Task directions:
Could you set down every entry exactly as it appears?

******

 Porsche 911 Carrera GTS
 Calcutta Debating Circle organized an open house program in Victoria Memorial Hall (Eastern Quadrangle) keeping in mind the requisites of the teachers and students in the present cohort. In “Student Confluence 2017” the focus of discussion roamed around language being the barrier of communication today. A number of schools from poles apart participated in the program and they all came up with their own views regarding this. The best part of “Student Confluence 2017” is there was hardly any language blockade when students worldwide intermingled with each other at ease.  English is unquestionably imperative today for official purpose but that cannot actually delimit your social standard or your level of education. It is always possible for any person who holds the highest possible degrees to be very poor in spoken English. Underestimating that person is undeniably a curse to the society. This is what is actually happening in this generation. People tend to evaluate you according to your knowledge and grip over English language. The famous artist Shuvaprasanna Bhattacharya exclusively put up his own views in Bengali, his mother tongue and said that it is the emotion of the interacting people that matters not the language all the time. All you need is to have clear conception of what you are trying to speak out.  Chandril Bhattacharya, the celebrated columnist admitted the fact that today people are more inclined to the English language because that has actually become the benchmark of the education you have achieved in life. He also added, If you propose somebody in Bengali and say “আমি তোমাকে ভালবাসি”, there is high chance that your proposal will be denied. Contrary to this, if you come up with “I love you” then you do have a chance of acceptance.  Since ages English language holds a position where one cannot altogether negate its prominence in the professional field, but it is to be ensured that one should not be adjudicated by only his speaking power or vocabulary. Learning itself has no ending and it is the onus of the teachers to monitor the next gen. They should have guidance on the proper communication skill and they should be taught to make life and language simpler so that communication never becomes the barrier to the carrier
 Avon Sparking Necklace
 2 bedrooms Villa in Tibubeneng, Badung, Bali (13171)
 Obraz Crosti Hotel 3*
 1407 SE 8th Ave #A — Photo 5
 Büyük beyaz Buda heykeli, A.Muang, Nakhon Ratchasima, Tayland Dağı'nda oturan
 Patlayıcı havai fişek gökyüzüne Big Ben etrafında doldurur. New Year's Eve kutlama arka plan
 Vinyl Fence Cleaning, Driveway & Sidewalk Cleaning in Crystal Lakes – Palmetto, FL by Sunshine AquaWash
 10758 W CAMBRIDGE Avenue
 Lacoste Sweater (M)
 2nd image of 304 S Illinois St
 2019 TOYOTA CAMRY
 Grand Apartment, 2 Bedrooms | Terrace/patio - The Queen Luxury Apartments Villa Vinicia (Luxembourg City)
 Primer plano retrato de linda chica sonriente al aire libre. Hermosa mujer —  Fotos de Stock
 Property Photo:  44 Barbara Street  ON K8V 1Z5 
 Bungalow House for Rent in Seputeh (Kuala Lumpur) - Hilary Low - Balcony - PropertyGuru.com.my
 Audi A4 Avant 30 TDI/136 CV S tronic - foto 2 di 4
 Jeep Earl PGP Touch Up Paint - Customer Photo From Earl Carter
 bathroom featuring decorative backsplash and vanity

******

Answer to this exercise:
 Porsche 911 Carrera GTS
 Calcutta Debating Circle organized an open house program in Victoria Memorial Hall (Eastern Quadrangle) keeping in mind the requisites of the teachers and students in the present cohort. In “Student Confluence 2017” the focus of discussion roamed around language being the barrier of communication today. A number of schools from poles apart participated in the program and they all came up with their own views regarding this. The best part of “Student Confluence 2017” is there was hardly any language blockade when students worldwide intermingled with each other at ease.  English is unquestionably imperative today for official purpose but that cannot actually delimit your social standard or your level of education. It is always possible for any person who holds the highest possible degrees to be very poor in spoken English. Underestimating that person is undeniably a curse to the society. This is what is actually happening in this generation. People tend to evaluate you according to your knowledge and grip over English language. The famous artist Shuvaprasanna Bhattacharya exclusively put up his own views in Bengali, his mother tongue and said that it is the emotion of the interacting people that matters not the language all the time. All you need is to have clear conception of what you are trying to speak out.  Chandril Bhattacharya, the celebrated columnist admitted the fact that today people are more inclined to the English language because that has actually become the benchmark of the education you have achieved in life. He also added, If you propose somebody in Bengali and say “আমি তোমাকে ভালবাসি”, there is high chance that your proposal will be denied. Contrary to this, if you come up with “I love you” then you do have a chance of acceptance.  Since ages English language holds a position where one cannot altogether negate its prominence in the professional field, but it is to be ensured that one should not be adjudicated by only his speaking power or vocabulary. Learning itself has no ending and it is the onus of the teachers to monitor the next gen. They should have guidance on the proper communication skill and they should be taught to make life and language simpler so that communication never becomes the barrier to the carrier
 Avon Sparking Necklace
 2 bedrooms Villa in Tibubeneng, Badung, Bali (13171)
 Obraz Crosti Hotel 3*
 1407 SE 8th Ave #A — Photo 5
 Büyük beyaz Buda heykeli, A.Muang, Nakhon Ratchasima, Tayland Dağı'nda oturan
 Patlayıcı havai fişek gökyüzüne Big Ben etrafında doldurur. New Year's Eve kutlama arka plan
 Vinyl Fence Cleaning, Driveway & Sidewalk Cleaning in Crystal Lakes – Palmetto, FL by Sunshine AquaWash
 10758 W CAMBRIDGE Avenue
 Lacoste Sweater (M)
 2nd image of 304 S Illinois St
 2019 TOYOTA CAMRY
 Grand Apartment, 2 Bedrooms | Terrace/patio - The Queen Luxury Apartments Villa Vinicia (Luxembourg City)
 Primer plano retrato de linda chica sonriente al aire libre. Hermosa mujer —  Fotos de Stock
 Property Photo:  44 Barbara Street  ON K8V 1Z5 
 Bungalow House for Rent in Seputeh (Kuala Lumpur) - Hilary Low - Balcony - PropertyGuru.com.my
 Audi A4 Avant 30 TDI/136 CV S tronic - foto 2 di 4
 Jeep Earl PGP Touch Up Paint - Customer Photo From Earl Carter
 bathroom featuring decorative backsplash and vanity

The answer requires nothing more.